Cataract surgery patients are traditionally prescribed a regimen of antibiotic eyedrops to ward off the risk of post-op infection. But ophthalmic surgeons at Kaiser Permanente in northern California have determined that injecting antibiotics at the close of surgery is a much more effective method.
For the study, published online in the Journal of Cataract and Refractive Surgery, the researchers calculated the incidence rate of endopthalmitis following more than 16,000 cataract cases performed between 2007 and 2011.
During the baseline year of 2007, cataract patients were administered post-op eyedrops only. The endopthalmitis rate was 3.1 per 1,000 cases. "Antibiotic eyedrops applied to the surface of the eye must penetrate inside the eye to reach the site where pathogens can take hold and cause infection," notes Neal Shorstein, MD, the study's lead author.
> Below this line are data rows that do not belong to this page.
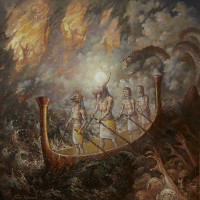 Album cover for The Invocation of the Deathless One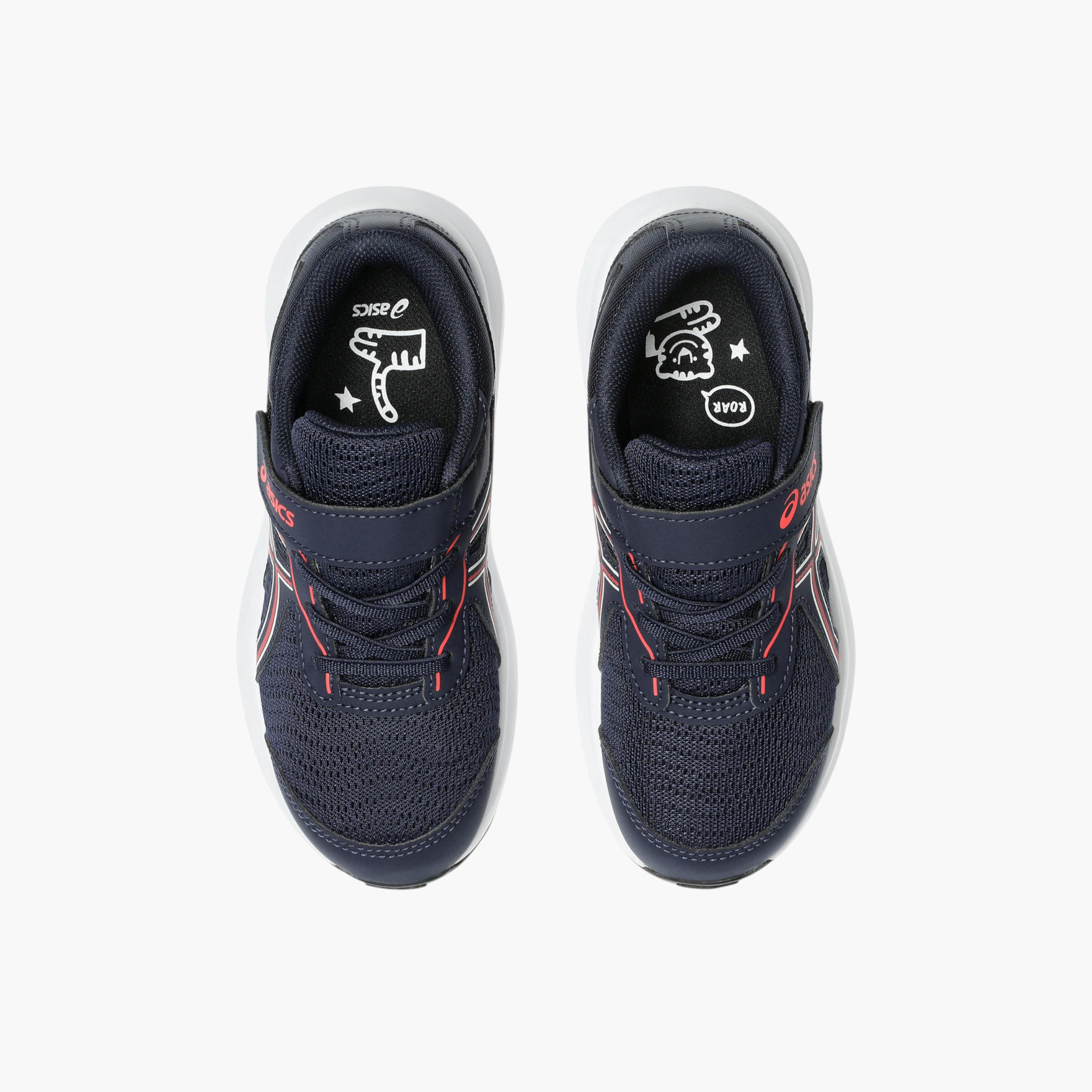 Asics Boys Hook & Loop Breathable Walking Shoes-sports-boys-shoes-image-6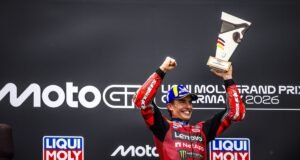 Ducati celebra vitória na MotoGP e recorde de títulos no WorldSBK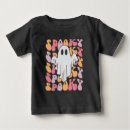 Recherche de fantôme bébé tshirts Effrayant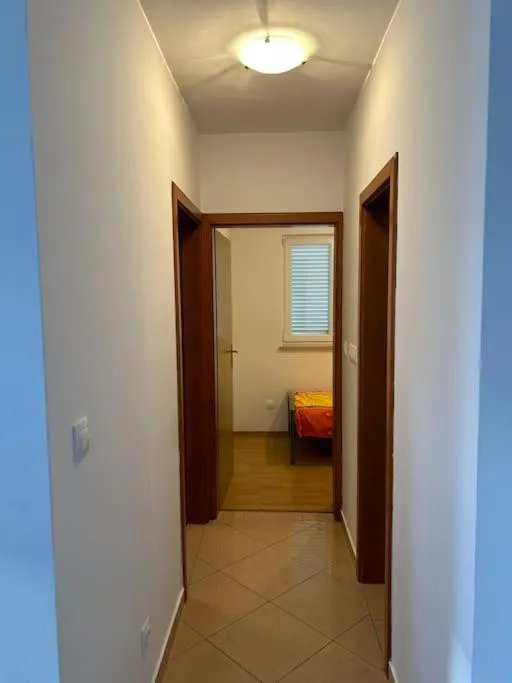 Photo of the whole room, Bed in Dua Al Mar with Parking and Balcony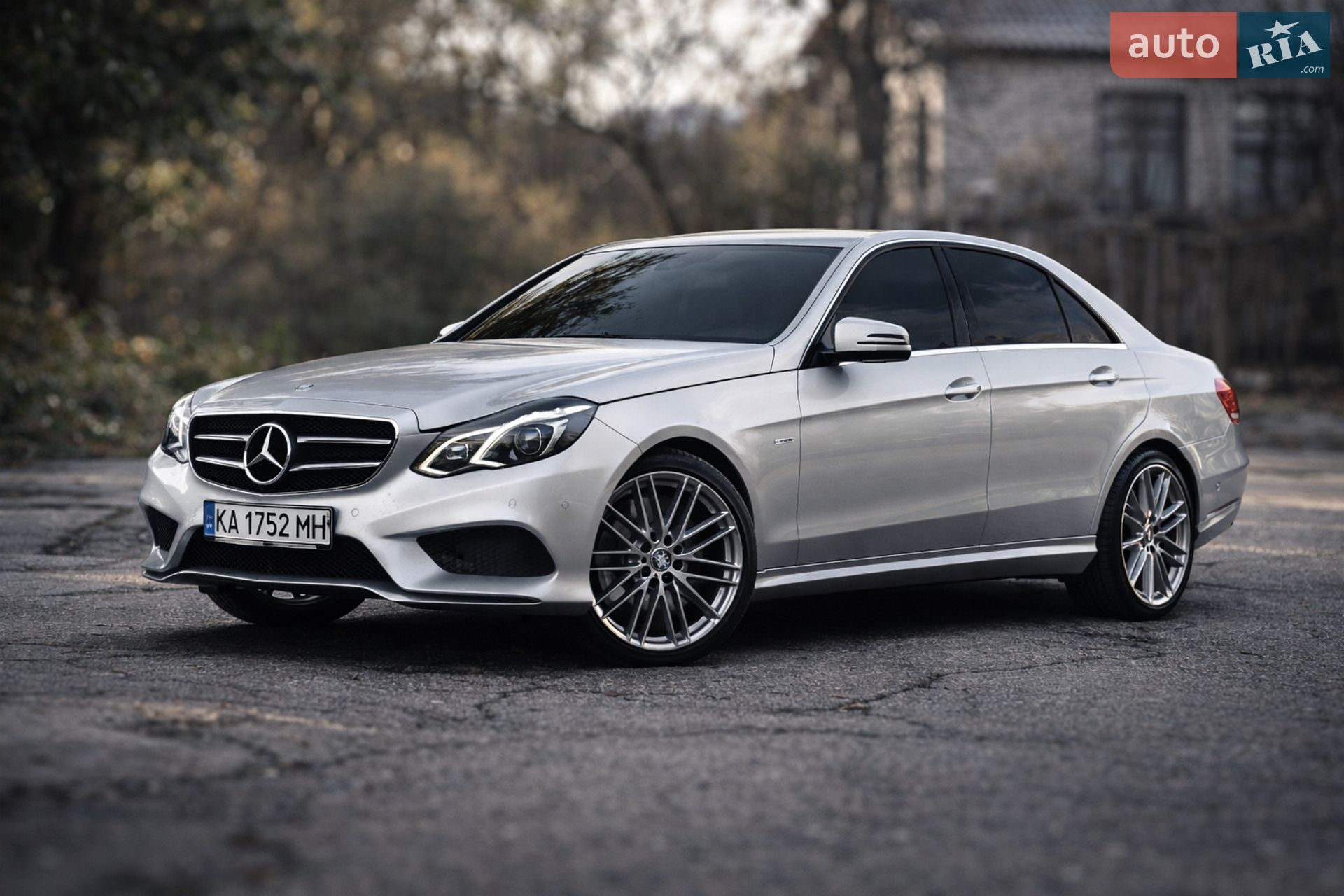 Mercedes-Benz E-Class 2015 VIN WDD2120011B287238 фото оголошення 8 з 40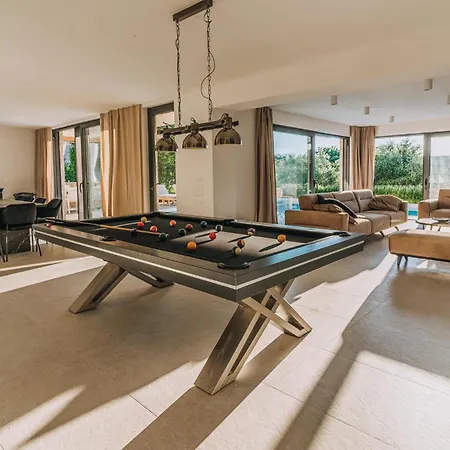 Stunning In With Sauna *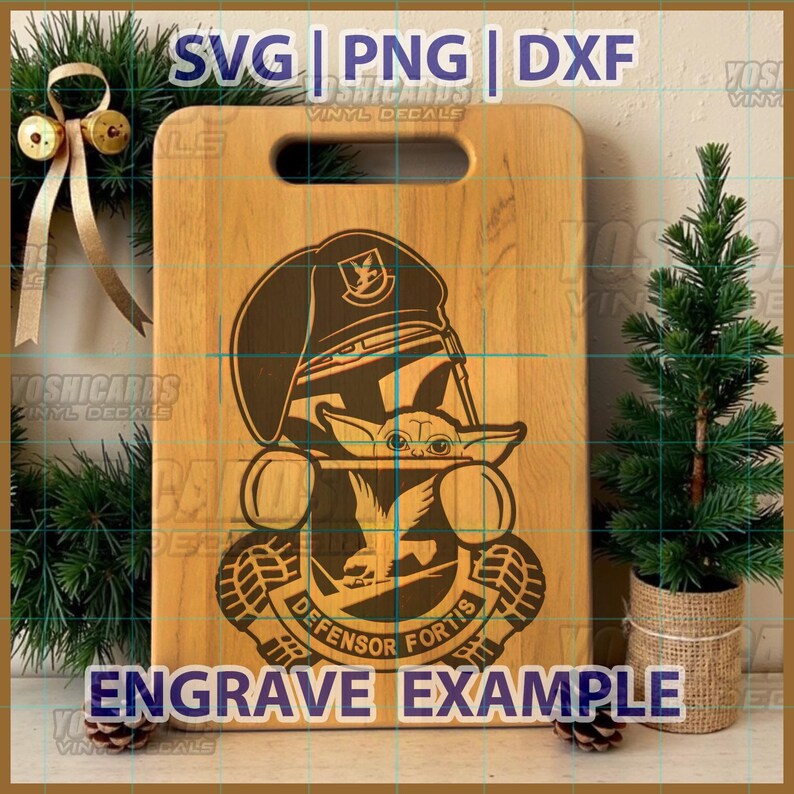 Digital USAF Security Forces Mandalorian Art, SFS 3P0X1 png dxf File, Air Force Military Downloadable file for Shirt Tumbler Laser Gift image 8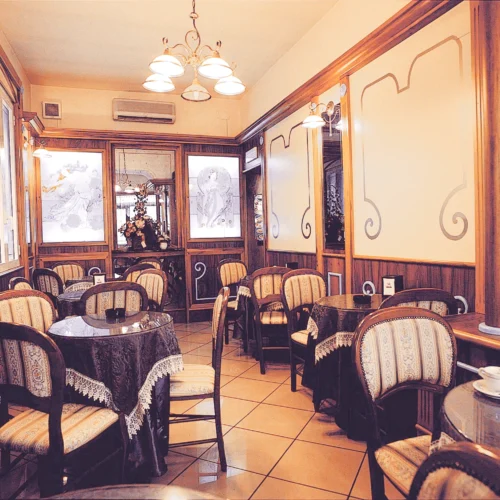 Caffè Vienna Crema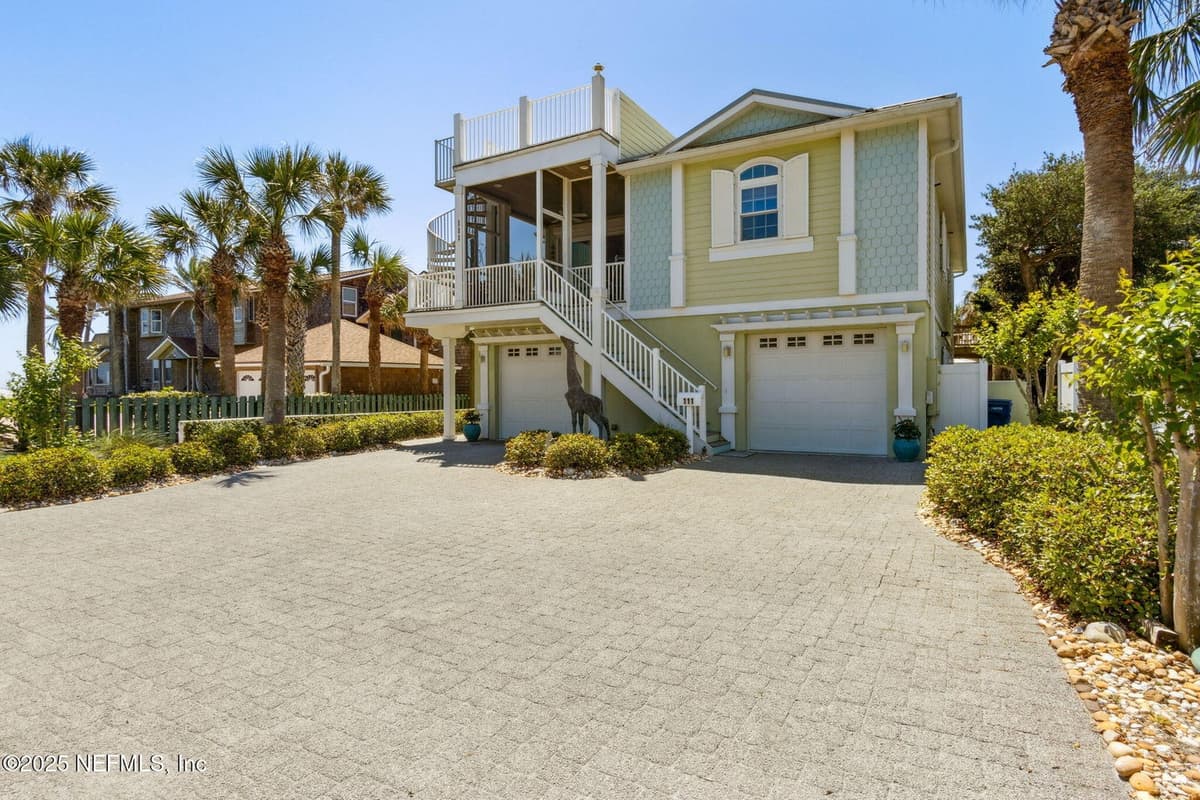 111 CHERRY Street, Neptune Beach, FL 32266 2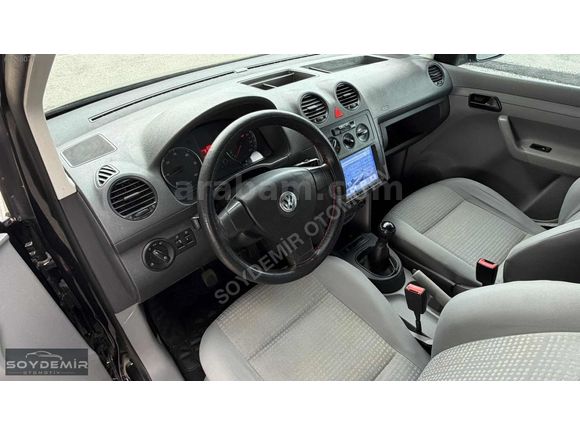2010 MODEL 1.9 CADDY EMSALSİZ TEMİZLİKTE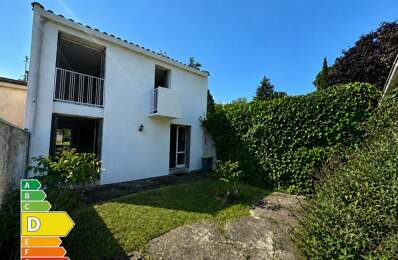 Maison 100m2 3 chambres — photo du bien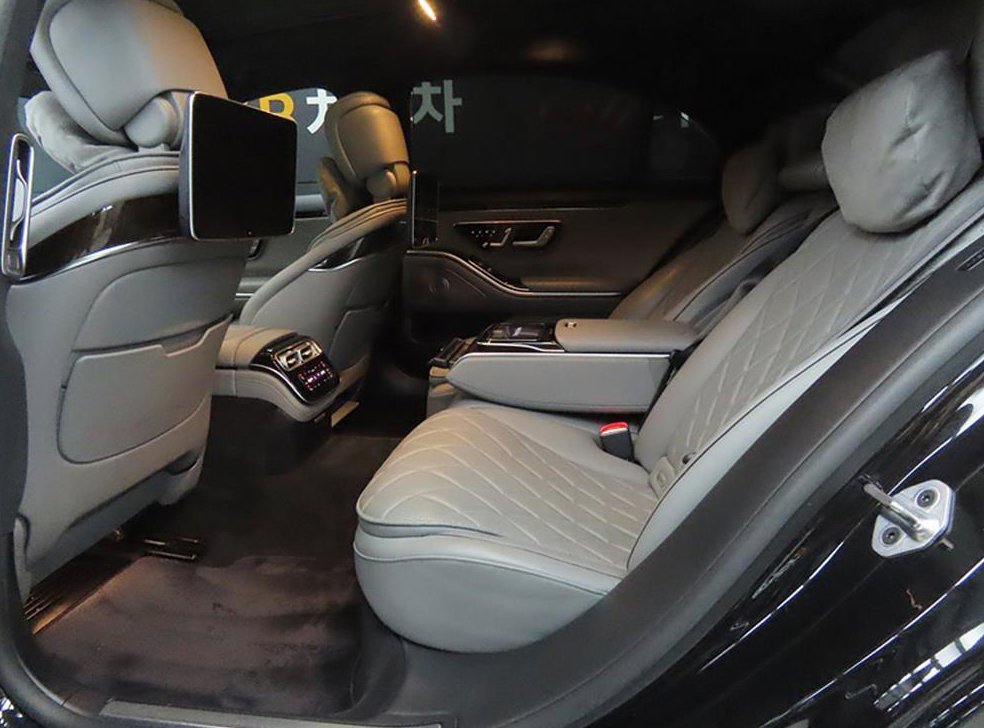벤츠 S 클래스 S580L 4MATIC 사진 11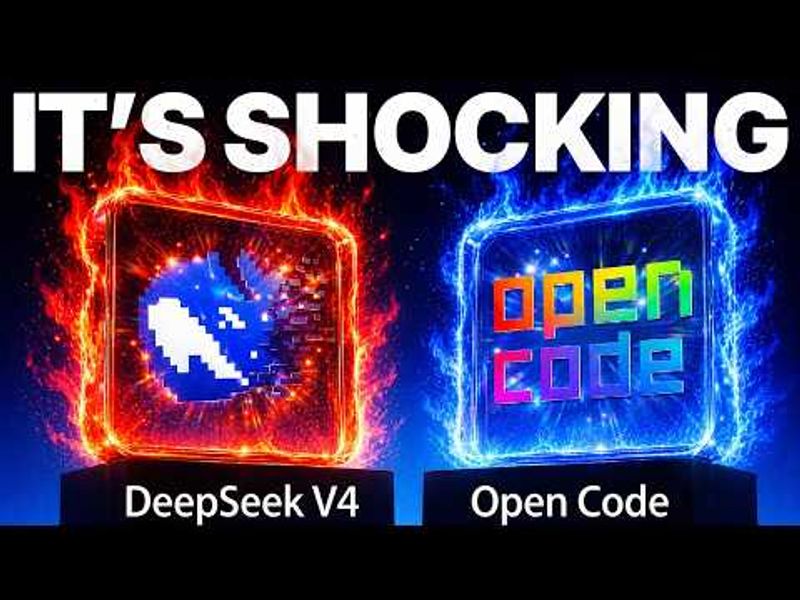 คู่มือ OpenCode + DeepSeek V4 Flash ทำ AI Agent สำหรับงานธุรกิจ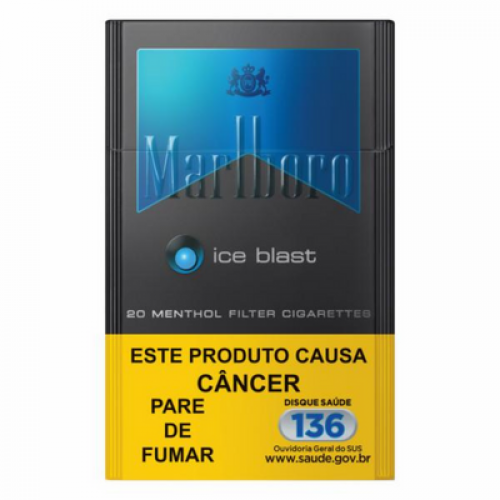 Cigarro Marlboro Ice Burst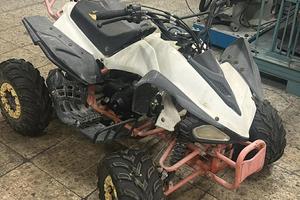 Quad 110cc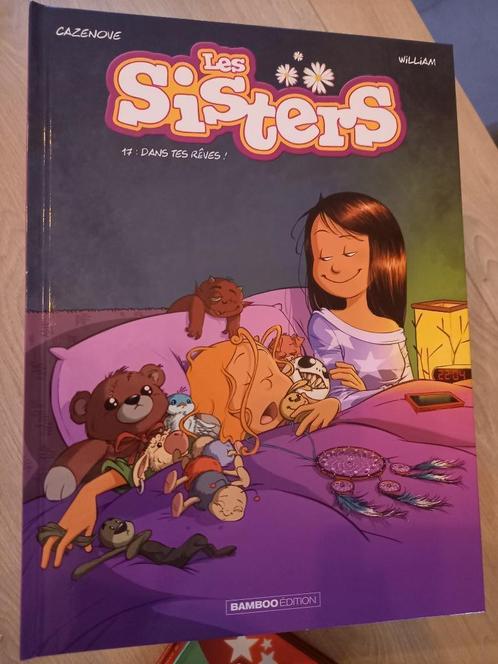 BD sisters, Boeken, Stripverhalen, Zo goed als nieuw, Meerdere stripboeken, Ophalen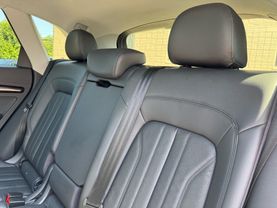 2018 AUDI Q5 SUV 4-CYL, TURBO, 2.0 LITER PREMIUM PLUS SPORT UTILITY 4D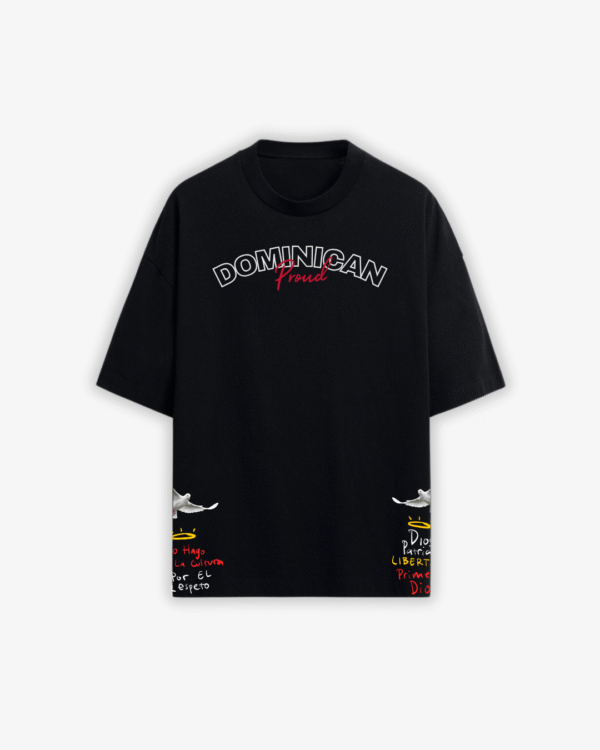 (AGOTADO) POR LA CULTURA NEGRO POR LA CULTURA NEGRO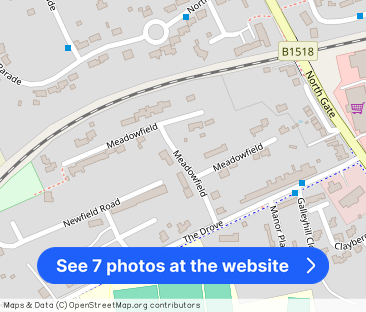 Meadowfield, Sleaford, NG34 - Photo 1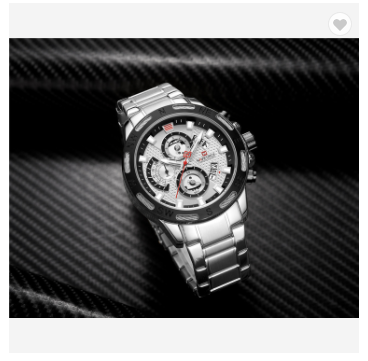 NAVIFORCE 9165 SW Luxury Brand Mens Sport Watches Full Steel Quartz Watch Men Date Week Water Resistant Fashion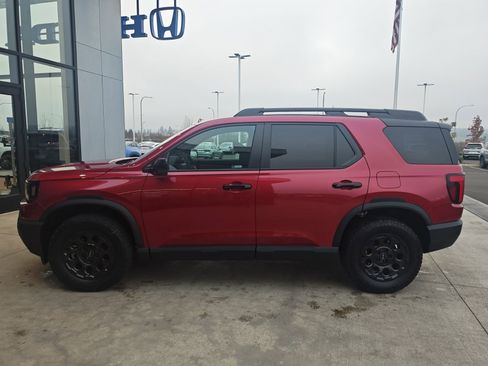 New 2026 Honda Passport TrailSport image 8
Administering antibiotics directly into the anterior chamber boosted the effect, however, as seen in 2008's and 2009's cases, in which an injection of cefuroxime was added to the eyedrop regimen. In those cases, the endopthalmitis rate was 1.43 per 1,000 cases.
What's more, in 2010 and 2011, when every cataract patient received an injection of cefuroxime, moxifloxacin or vancomycin, the rate dropped to 0.14 per 1,000 cases, a rate 22 times lower than in 2007.